Onderstaand artikel verscheen op 28 maart 2019 in AutoVisie #7.

E-rfgoed
Een klassieker rijdend houden in een tijd waarin fronsend naar uitstoot wordt gekeken? Dat kan met een elektrische aandrijflijn. Eentje die past op de plek van de verbrandingsmotor en die ook weer verwijderd kan worden. Tekst: Remco Slump Foto’s: Sytse Dijkstra Bij de eerste rotonde schrikken we even. De onbekrachtigde remmen van de Volkswagen Kever vragen om een ferme trap op het middelste pedaal. Dan pompen we de armspieren op en draaien we de hoepel voor onze neus naar rechts. De eerste paar graden gebeurt er niets. Daarna gaat de oude Volkswagen bij benadering de juiste kant op. Opdat we niet vergeten dat we met een echte klassieke auto onderweg zijn. Wat we wel bijna vergeten, is dat we niet hoeven terug te schakelen. De reflex om de koppeling in te drukken is zo enorm sterk, dat we er bijna aan toegeven. Menno Schilder – de maker van de auto – moet erom lachen. Hij had al gezegd dat het rijden in een elektrische klassieker enige omschakeling vergt. De Kever staat in zijn twee en kan in die versnelling blijven staan. De elektromotor achterin heeft geen verzetswisselingen nodig. Oplettende voorbijgangers zouden aan één ding kunnen zien dat er geen luchtgekoelde viercilinder achterin de blauwe Volkswagen ligt: de kenmerkende uitlaatpijpen missen. Bij het accelereren klinkt dan ook geen typische boxerroffel, maar een hoog gierend elektronisch geluid. En met zijn 30kW is de elektro-Kever nog redelijk snel ook. Zijn 42 kWh-batterij geeft hem een actieradius van zo’n 200 tot 250 kilometer.
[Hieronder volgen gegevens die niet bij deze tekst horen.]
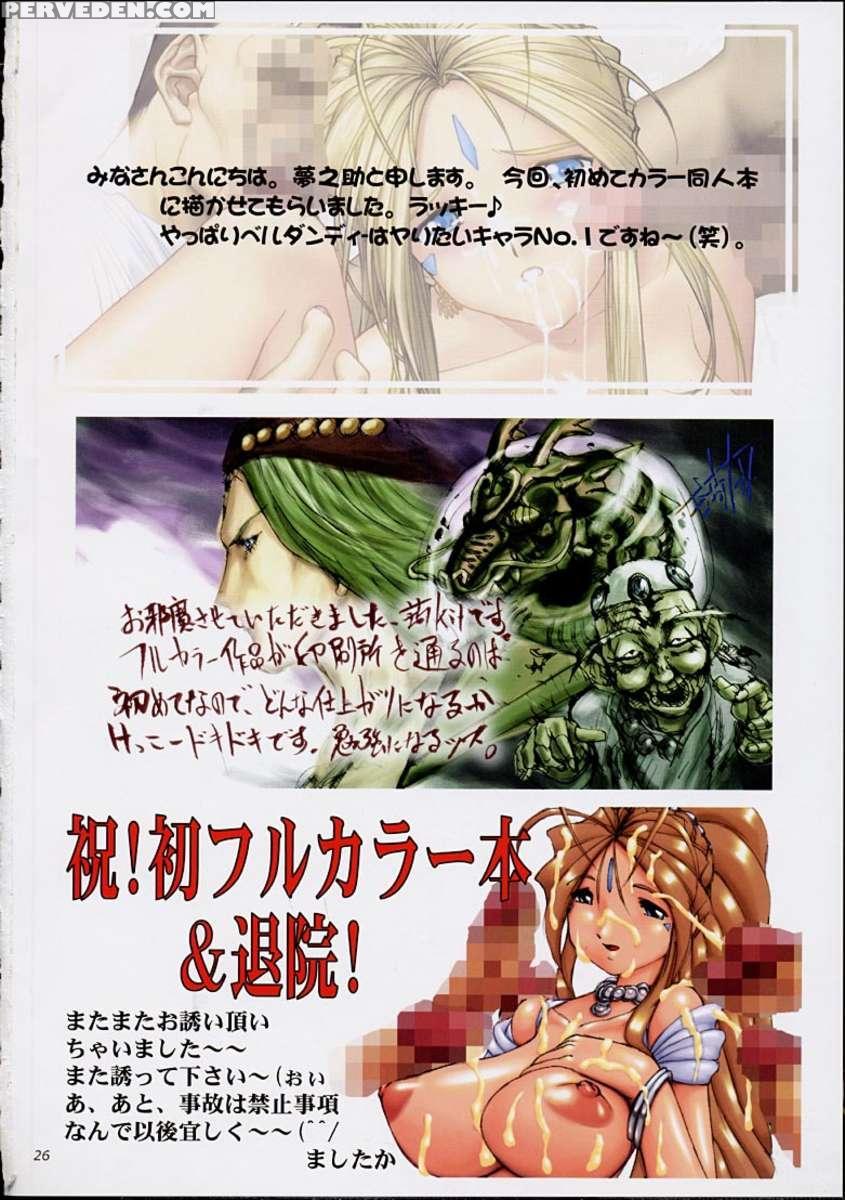 Goddess Graphics 1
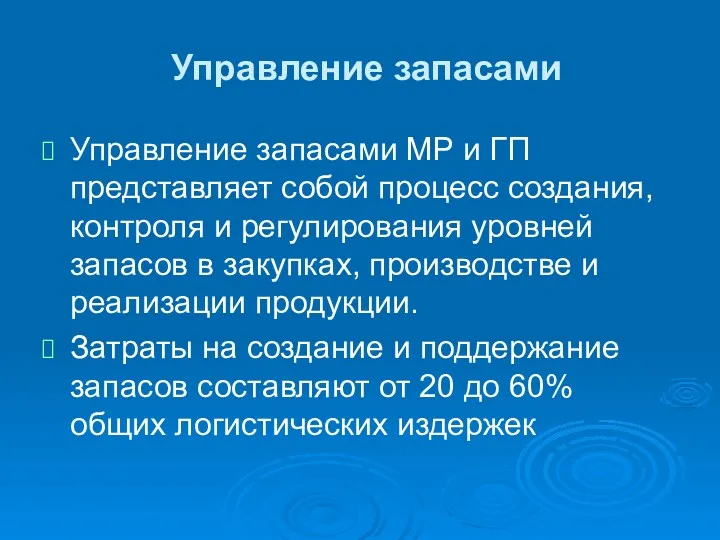 Управление запасами Управление запасами MP и ГП представляет собой процесс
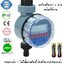 เครื่องตั้งเวลาเปิดปิดน้ำอัตโนมัติ รุ่นดิจิตอล บอลวาล์ว พร้อมถ่าน Alkaline Panasonic WTR-102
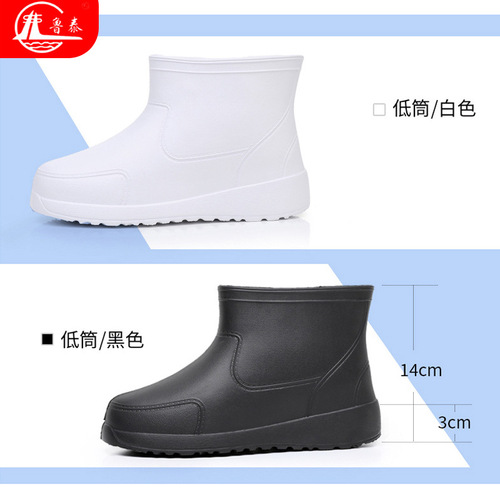 Men's Slip-Resistant Waterproof Shoes, Acid-Base Resistant EVA Kitchen Water Shoes, Work Rain Boots, Chef Shoes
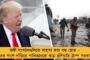 এবার ইভিএম নিয়ে সুপ্রিম কোর্টে দ্বারস্থ হচ্ছে দেশের বিজেপি বিরোধীরা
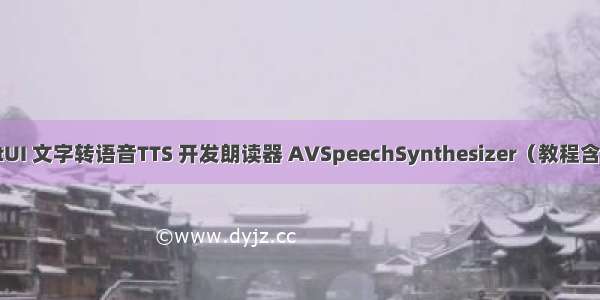 SwiftUI 文字转语音TTS 开发朗读器 AVSpeechSynthesizer（教程含源码）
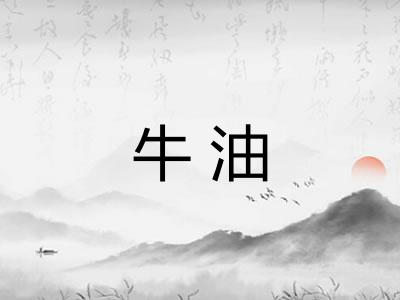 牛油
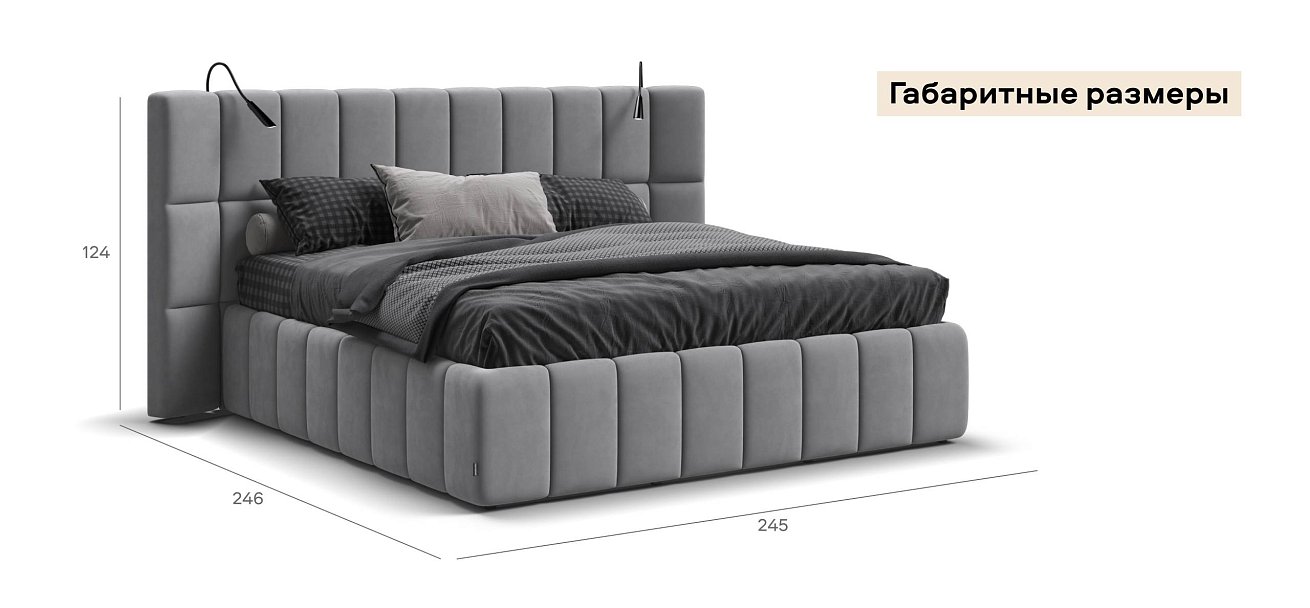 Босс ХО Кровать 180*200 велюр Монолит сталь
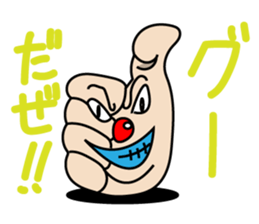 Pastel Monster sticker #2173119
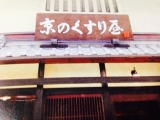 口コミ記事「京のくすり屋」の画像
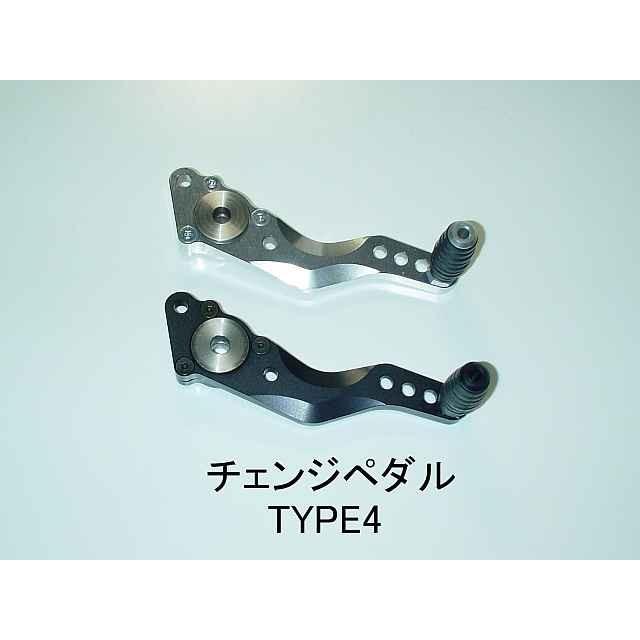 手数料安い チェンジペダル ベアリング仕様 シルバー Type 4 Striker ストライカー 年最新海外 Atempletonphoto Com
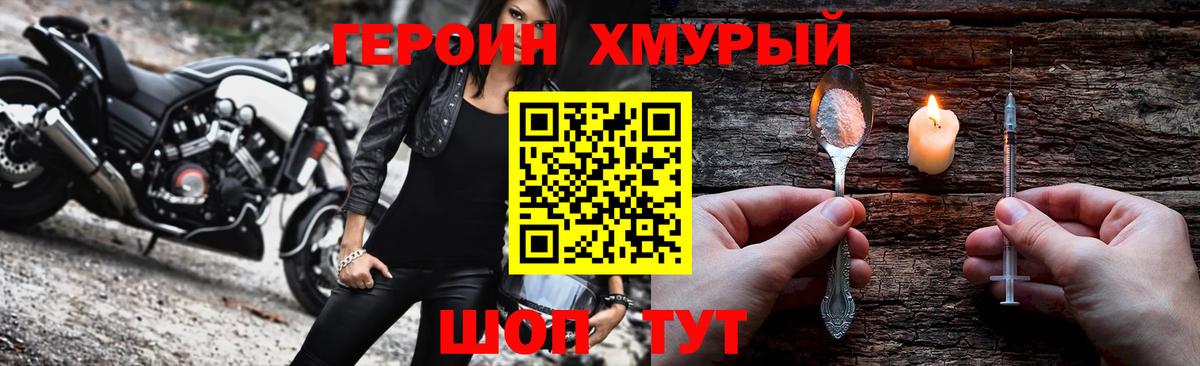 Героин белый  Вход с VPN  Тихвин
We zijn in Limmen, Noord-holland, waar Menno Schilder de deur van zijn workshop opendoet. In de kleine garage – er wordt inmiddels gewerkt aan een grotere locatie vlakbij – staan een Volkswagen Kever en een tot in de puntjes gerestaureerde, vooroorlogse Rolls-Royce. “Nee, die is niet elektrisch”, lacht Schilder. “Die is van mijn vader. Maar ik heb inmiddels verzoeken gehad om een Bentley uit de jaren twintig, een Citroën uit 1925 en zelfs een Aston Martin DB AR1 om te bouwen.” Schilder komt uit een echte autofamilie, zijn opa startte één van de eerste Volkswagen-dealerbedrijven. Hijzelf stond aan het roer van een IT-onderneming. Schilder wil zich echter meer gaan richten op Schilder Electric, waarmee hij klassiekers ombouwt naar elektrisch. De blauwe Kever is zijn eerste echte klantenauto. Hij heeft ook nog een wit exemplaar, die hij in 2013 voor zichzelf bouwde en waarmee het balletje begon te rollen. Hoewel… dat begon het al eerder. Schilder zag de apocalyptische speelfilm The Age of Stupid, waarin toekomstige mensen terugkijken naar nu en waarin de dramatische gevolgen van klimaatverandering aan bod komen. “De film liet mij niet meer los. Ik dacht: waar zijn we toch mee bezig met z’n allen? Ik wilde iets doen. Iets wat in mijn bereik lag.”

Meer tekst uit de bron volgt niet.